Scrape Data Produk Tokopedia Menggunakan Python
Hallo semua kali ini admin akan membahas cara melakukan scrape data pada website tokopedia, atau lebih simpelnya kita akan membuat sebuah codingan menggunkan python untuk dapat mengekstrak data sebuah website, database, aplikasi enterprise, sistem legacy yang kemudian menyimpannya ke dalam sebuah file dengan format tabular atau spreadsheet.
Sebelum memulainya ada beberapa llibary yang mesti kamu install, yaitu
- Pandas
$py -m pip install pandas
- Request
$py -m pip install requests
- Maths
Langkah berikutnya ialah kita aka menggambil API dari tokopedia yang fungsinya untuk melakukan scrape data yang kita ingin cari dan untuk mencari API yang akan digunakan kita membuka fitur dari browser yakni inspect element dan untuk membukanya cukup klik tombol F12, tampilannya seperti di bawah ini.
Kemudian pada bagian network pilih fetch/XHR dan bila tidak muncul seperti pada gambar dibawah ini klik tombol
ctrl + r
untuk refresh halaman.
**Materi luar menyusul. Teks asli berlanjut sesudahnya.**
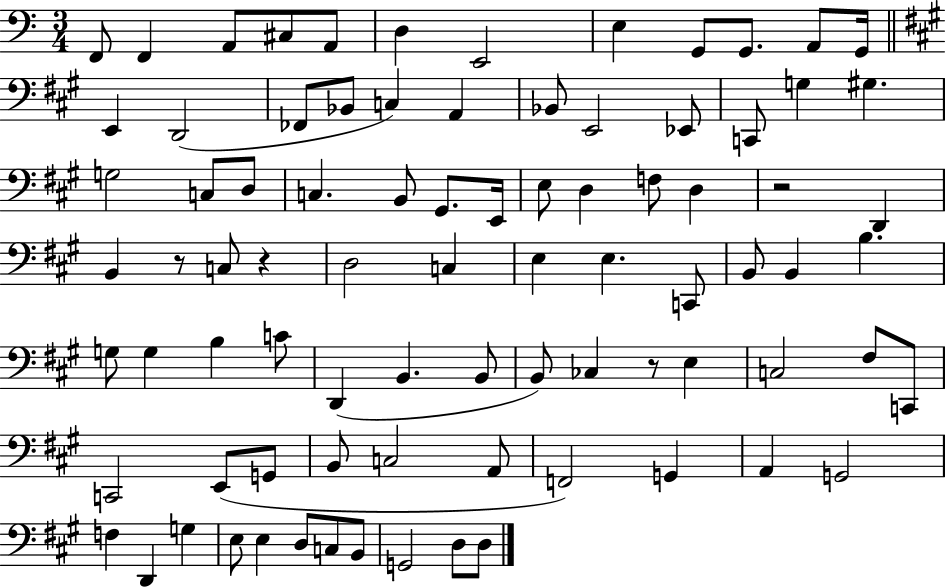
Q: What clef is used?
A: bass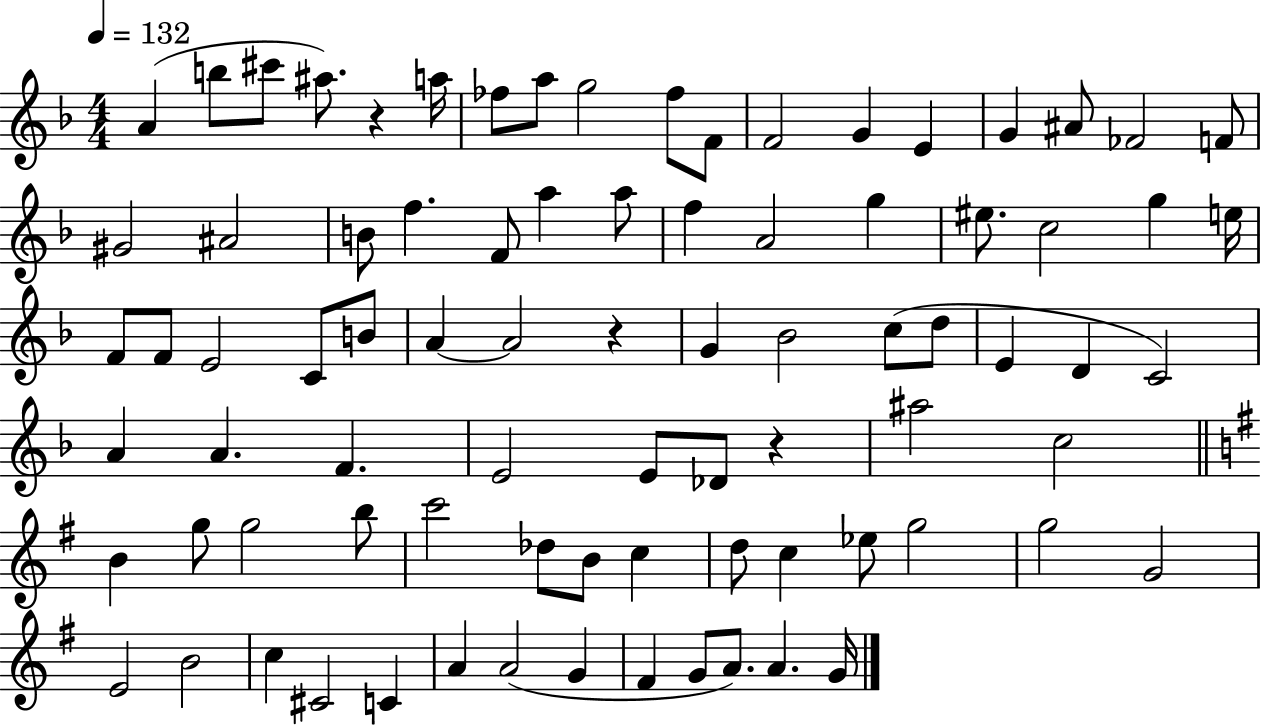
{
  \clef treble
  \numericTimeSignature
  \time 4/4
  \key f \major
  \tempo 4 = 132
  a'4( b''8 cis'''8 ais''8.) r4 a''16 | fes''8 a''8 g''2 fes''8 f'8 | f'2 g'4 e'4 | g'4 ais'8 fes'2 f'8 | \break gis'2 ais'2 | b'8 f''4. f'8 a''4 a''8 | f''4 a'2 g''4 | eis''8. c''2 g''4 e''16 | \break f'8 f'8 e'2 c'8 b'8 | a'4~~ a'2 r4 | g'4 bes'2 c''8( d''8 | e'4 d'4 c'2) | \break a'4 a'4. f'4. | e'2 e'8 des'8 r4 | ais''2 c''2 | \bar "||" \break \key g \major b'4 g''8 g''2 b''8 | c'''2 des''8 b'8 c''4 | d''8 c''4 ees''8 g''2 | g''2 g'2 | \break e'2 b'2 | c''4 cis'2 c'4 | a'4 a'2( g'4 | fis'4 g'8 a'8.) a'4. g'16 | \break \bar "|."
}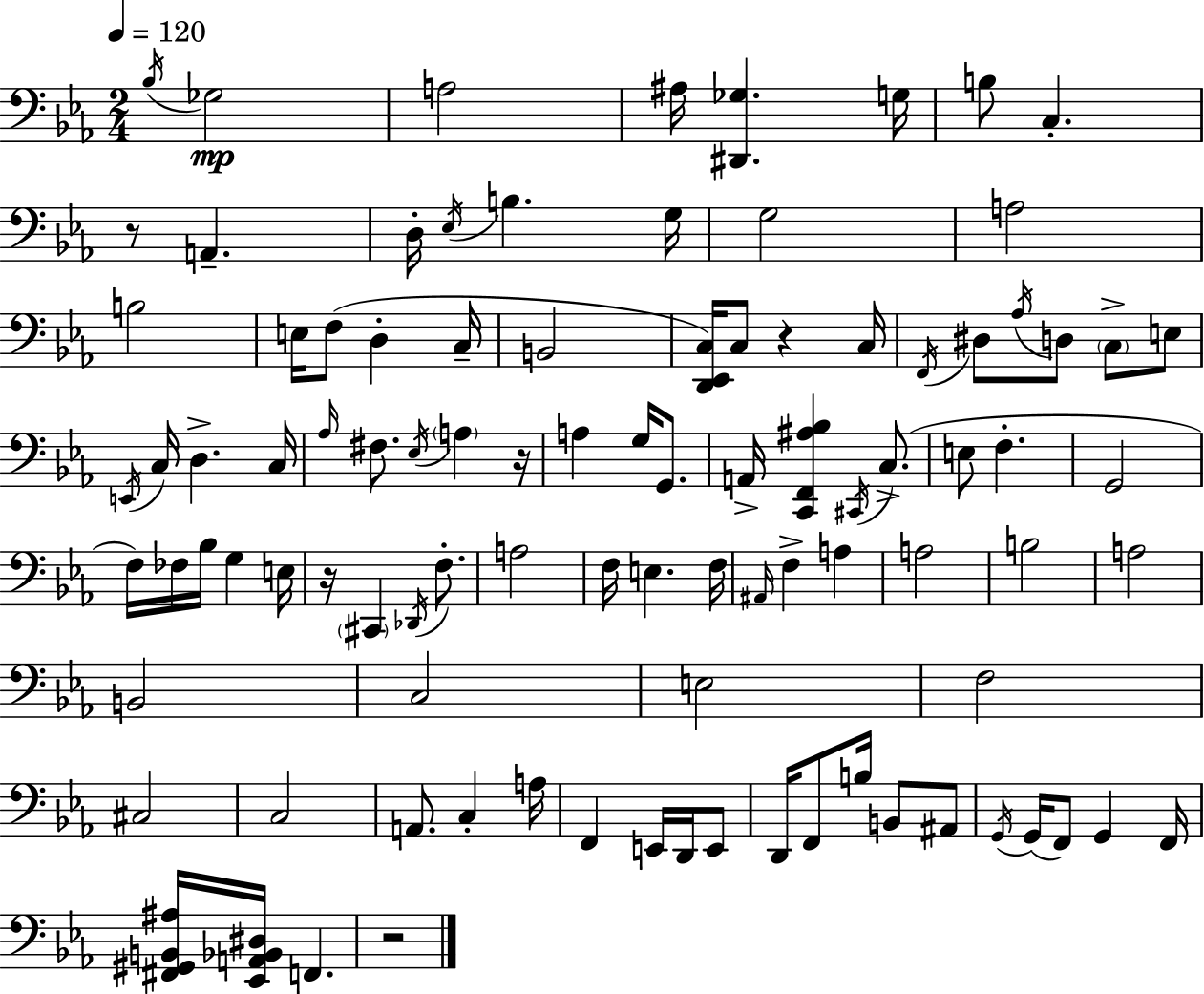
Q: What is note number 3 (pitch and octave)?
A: A3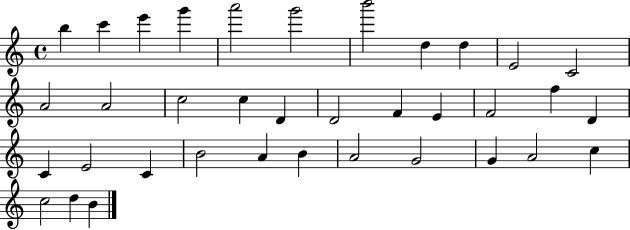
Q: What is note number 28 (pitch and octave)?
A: B4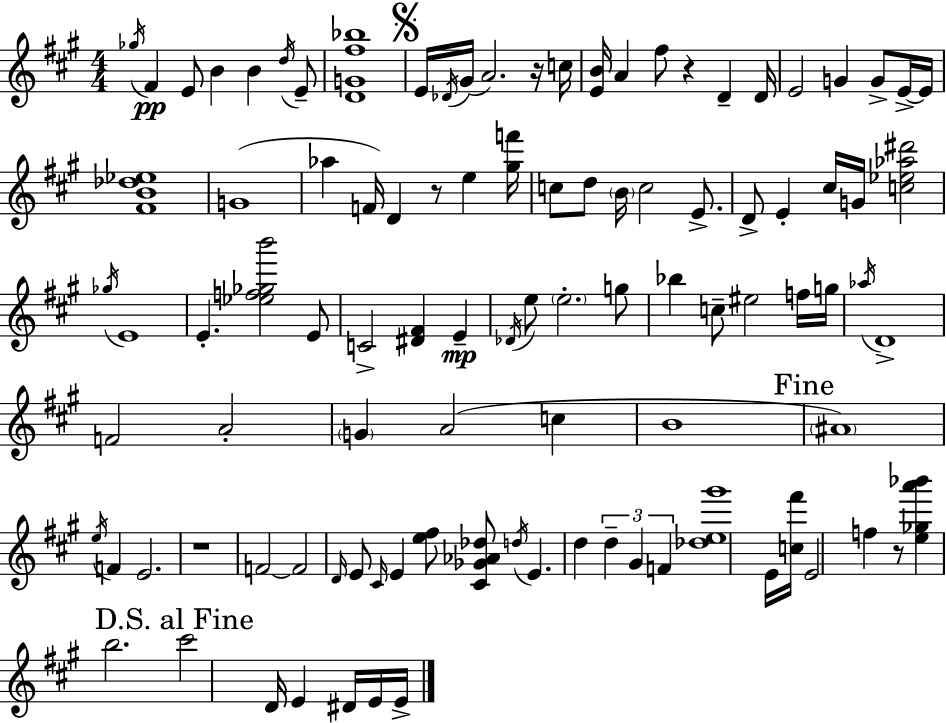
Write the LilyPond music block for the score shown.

{
  \clef treble
  \numericTimeSignature
  \time 4/4
  \key a \major
  \acciaccatura { ges''16 }\pp fis'4 e'8 b'4 b'4 \acciaccatura { d''16 } | e'8-- <d' g' fis'' bes''>1 | \mark \markup { \musicglyph "scripts.segno" } e'16 \acciaccatura { des'16 }( gis'16 a'2.) | r16 c''16 <e' b'>16 a'4 fis''8 r4 d'4-- | \break d'16 e'2 g'4 g'8-> | e'16->~~ e'16 <fis' b' des'' ees''>1 | g'1( | aes''4 f'16) d'4 r8 e''4 | \break <gis'' f'''>16 c''8 d''8 \parenthesize b'16 c''2 | e'8.-> d'8-> e'4-. cis''16 g'16 <c'' ees'' aes'' dis'''>2 | \acciaccatura { ges''16 } e'1 | e'4.-. <ees'' f'' ges'' b'''>2 | \break e'8 c'2-> <dis' fis'>4 | e'4--\mp \acciaccatura { des'16 } e''8 \parenthesize e''2.-. | g''8 bes''4 c''8-- eis''2 | f''16 g''16 \acciaccatura { aes''16 } d'1-> | \break f'2 a'2-. | \parenthesize g'4 a'2( | c''4 b'1 | \mark "Fine" \parenthesize ais'1) | \break \acciaccatura { e''16 } f'4 e'2. | r1 | f'2~~ f'2 | \grace { d'16 } e'8 \grace { cis'16 } e'4 <e'' fis''>8 | \break <cis' ges' aes' des''>8 \acciaccatura { d''16 } e'4. d''4 \tuplet 3/2 { d''4-- | gis'4 f'4 } <des'' e'' gis'''>1 | e'16 <c'' fis'''>16 e'2 | f''4 r8 <e'' ges'' a''' bes'''>4 b''2. | \break \mark "D.S. al Fine" cis'''2 | d'16 e'4 dis'16 e'16 e'16-> \bar "|."
}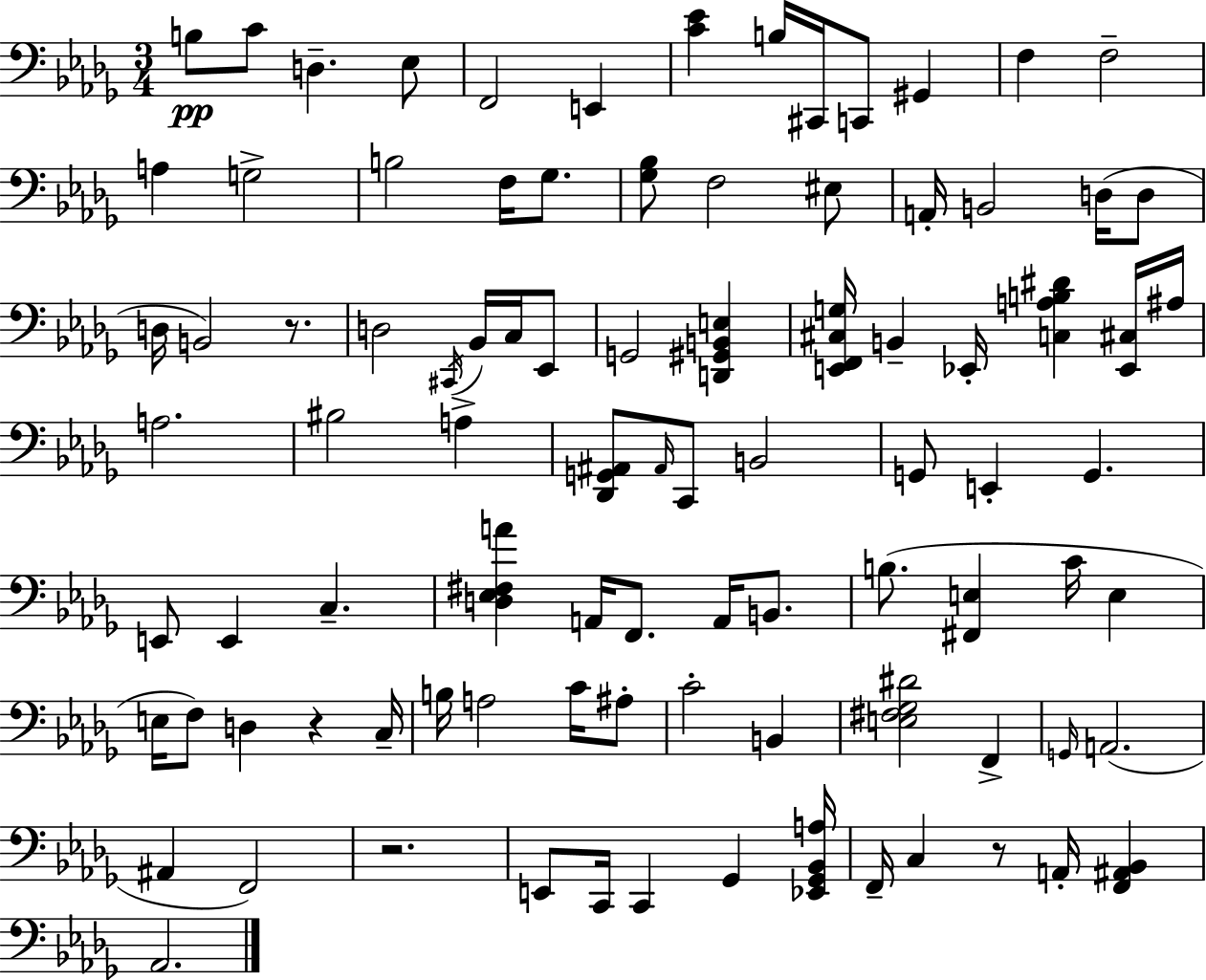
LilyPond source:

{
  \clef bass
  \numericTimeSignature
  \time 3/4
  \key bes \minor
  b8\pp c'8 d4.-- ees8 | f,2 e,4 | <c' ees'>4 b16 cis,16 c,8 gis,4 | f4 f2-- | \break a4 g2-> | b2 f16 ges8. | <ges bes>8 f2 eis8 | a,16-. b,2 d16( d8 | \break d16 b,2) r8. | d2 \acciaccatura { cis,16 } bes,16 c16 ees,8 | g,2 <d, gis, b, e>4 | <e, f, cis g>16 b,4-- ees,16-. <c a b dis'>4 <ees, cis>16 | \break ais16 a2. | bis2 a4-> | <des, g, ais,>8 \grace { ais,16 } c,8 b,2 | g,8 e,4-. g,4. | \break e,8 e,4 c4.-- | <d ees fis a'>4 a,16 f,8. a,16 b,8. | b8.( <fis, e>4 c'16 e4 | e16 f8) d4 r4 | \break c16-- b16 a2 c'16 | ais8-. c'2-. b,4 | <e fis ges dis'>2 f,4-> | \grace { g,16 }( a,2. | \break ais,4 f,2) | r2. | e,8 c,16 c,4 ges,4 | <ees, ges, bes, a>16 f,16-- c4 r8 a,16-. <f, ais, bes,>4 | \break aes,2. | \bar "|."
}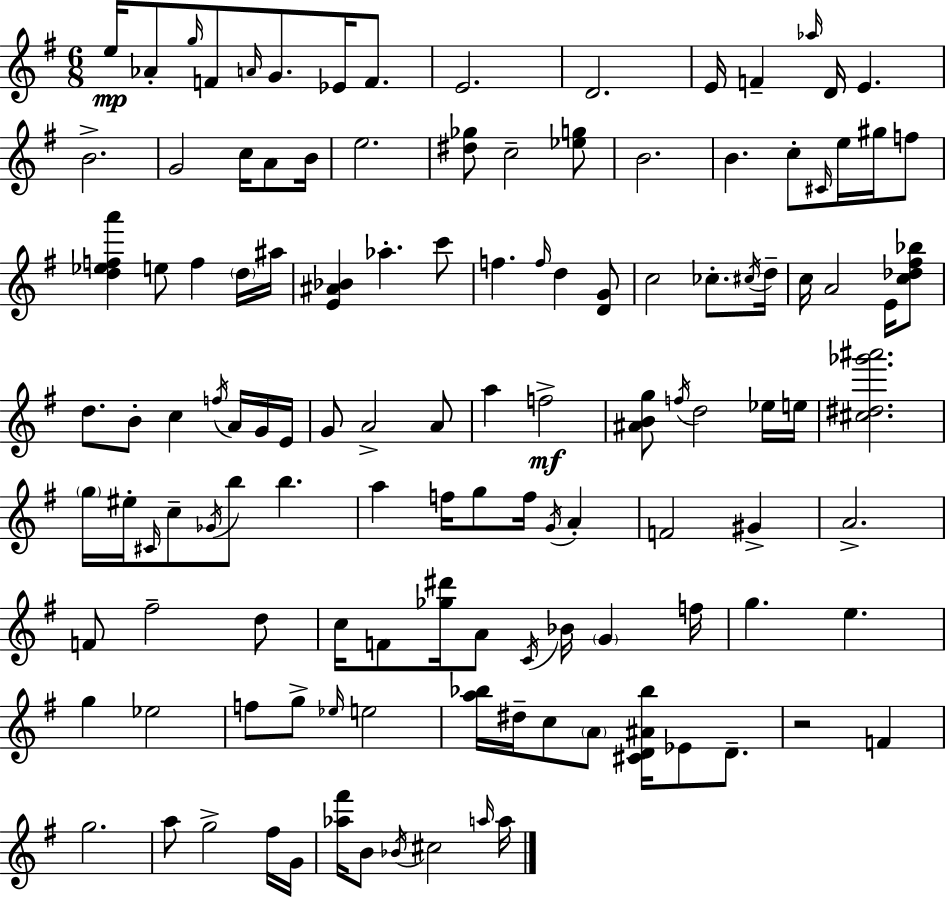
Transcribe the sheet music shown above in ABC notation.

X:1
T:Untitled
M:6/8
L:1/4
K:Em
e/4 _A/2 g/4 F/2 A/4 G/2 _E/4 F/2 E2 D2 E/4 F _a/4 D/4 E B2 G2 c/4 A/2 B/4 e2 [^d_g]/2 c2 [_eg]/2 B2 B c/2 ^C/4 e/4 ^g/4 f/2 [d_efa'] e/2 f d/4 ^a/4 [E^A_B] _a c'/2 f f/4 d [DG]/2 c2 _c/2 ^c/4 d/4 c/4 A2 E/4 [c_d^f_b]/2 d/2 B/2 c f/4 A/4 G/4 E/4 G/2 A2 A/2 a f2 [^ABg]/2 f/4 d2 _e/4 e/4 [^c^d_g'^a']2 g/4 ^e/4 ^C/4 c/2 _G/4 b/2 b a f/4 g/2 f/4 G/4 A F2 ^G A2 F/2 ^f2 d/2 c/4 F/2 [_g^d']/4 A/2 C/4 _B/4 G f/4 g e g _e2 f/2 g/2 _e/4 e2 [a_b]/4 ^d/4 c/2 A/2 [^CD^A_b]/4 _E/2 D/2 z2 F g2 a/2 g2 ^f/4 G/4 [_a^f']/4 B/2 _B/4 ^c2 a/4 a/4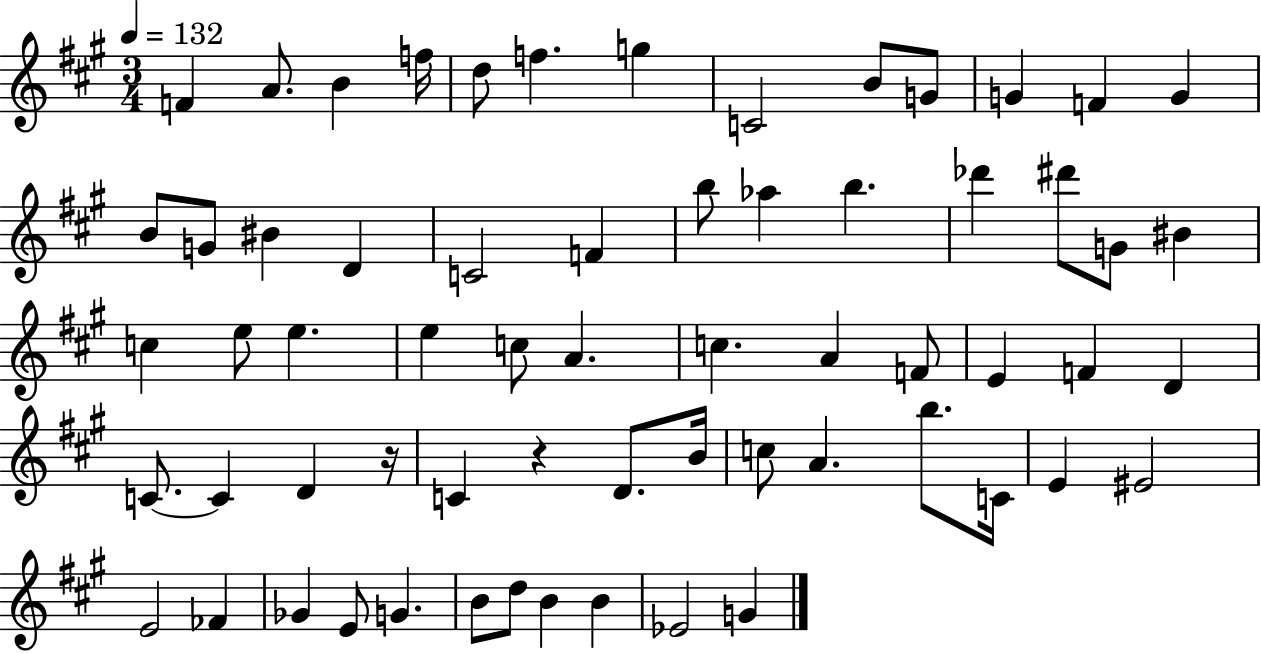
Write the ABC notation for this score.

X:1
T:Untitled
M:3/4
L:1/4
K:A
F A/2 B f/4 d/2 f g C2 B/2 G/2 G F G B/2 G/2 ^B D C2 F b/2 _a b _d' ^d'/2 G/2 ^B c e/2 e e c/2 A c A F/2 E F D C/2 C D z/4 C z D/2 B/4 c/2 A b/2 C/4 E ^E2 E2 _F _G E/2 G B/2 d/2 B B _E2 G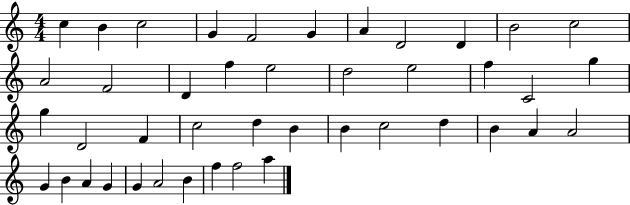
C5/q B4/q C5/h G4/q F4/h G4/q A4/q D4/h D4/q B4/h C5/h A4/h F4/h D4/q F5/q E5/h D5/h E5/h F5/q C4/h G5/q G5/q D4/h F4/q C5/h D5/q B4/q B4/q C5/h D5/q B4/q A4/q A4/h G4/q B4/q A4/q G4/q G4/q A4/h B4/q F5/q F5/h A5/q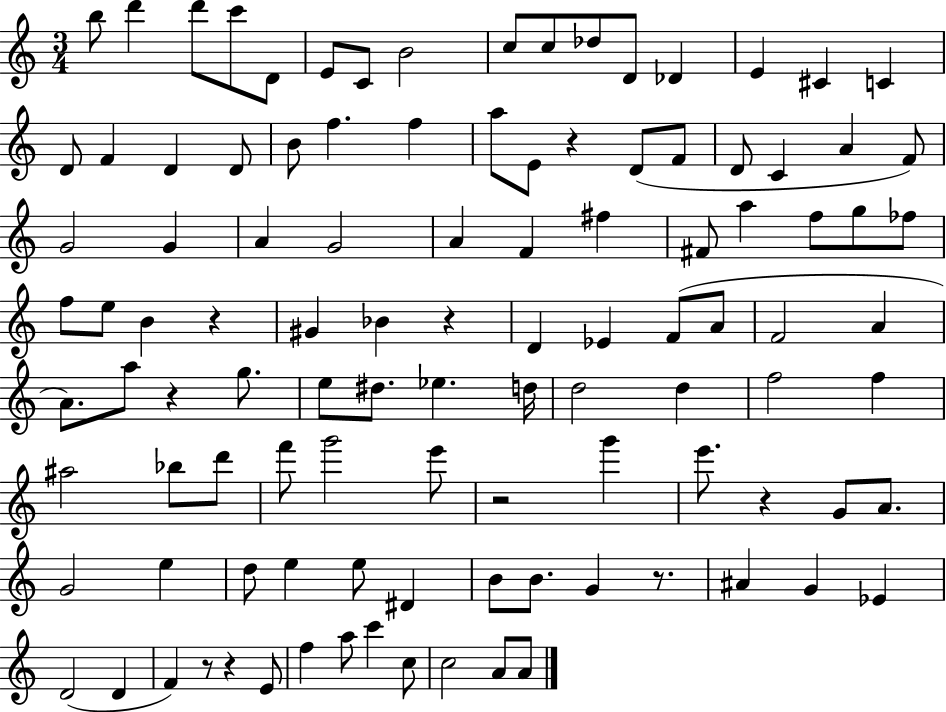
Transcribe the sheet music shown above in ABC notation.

X:1
T:Untitled
M:3/4
L:1/4
K:C
b/2 d' d'/2 c'/2 D/2 E/2 C/2 B2 c/2 c/2 _d/2 D/2 _D E ^C C D/2 F D D/2 B/2 f f a/2 E/2 z D/2 F/2 D/2 C A F/2 G2 G A G2 A F ^f ^F/2 a f/2 g/2 _f/2 f/2 e/2 B z ^G _B z D _E F/2 A/2 F2 A A/2 a/2 z g/2 e/2 ^d/2 _e d/4 d2 d f2 f ^a2 _b/2 d'/2 f'/2 g'2 e'/2 z2 g' e'/2 z G/2 A/2 G2 e d/2 e e/2 ^D B/2 B/2 G z/2 ^A G _E D2 D F z/2 z E/2 f a/2 c' c/2 c2 A/2 A/2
Lalu pilih searchProductQueryV4 lalu copy as cURL(bash) dan paste file yang tadi ke Visual Studio Code.Langkah berikutnya ialah membuat progmranya dengan menginport libarynya.
import requests
import pandas as pd
import math
Copy hasil url yang kamu dapat tadi tapi code ini belum bisa di gunakan, untuk itu kamu harus edit terlebih dahulu dengan mengahapus (-H), hapus (\), ubah variable curlnya dan hapus ( — data-raw $),( — compressed). untuk lebih lanjutnya silahkan lihat code yang sudah diubah dan di tambahkan code-codenya. Kamu bisa melihatnya di bawah ini.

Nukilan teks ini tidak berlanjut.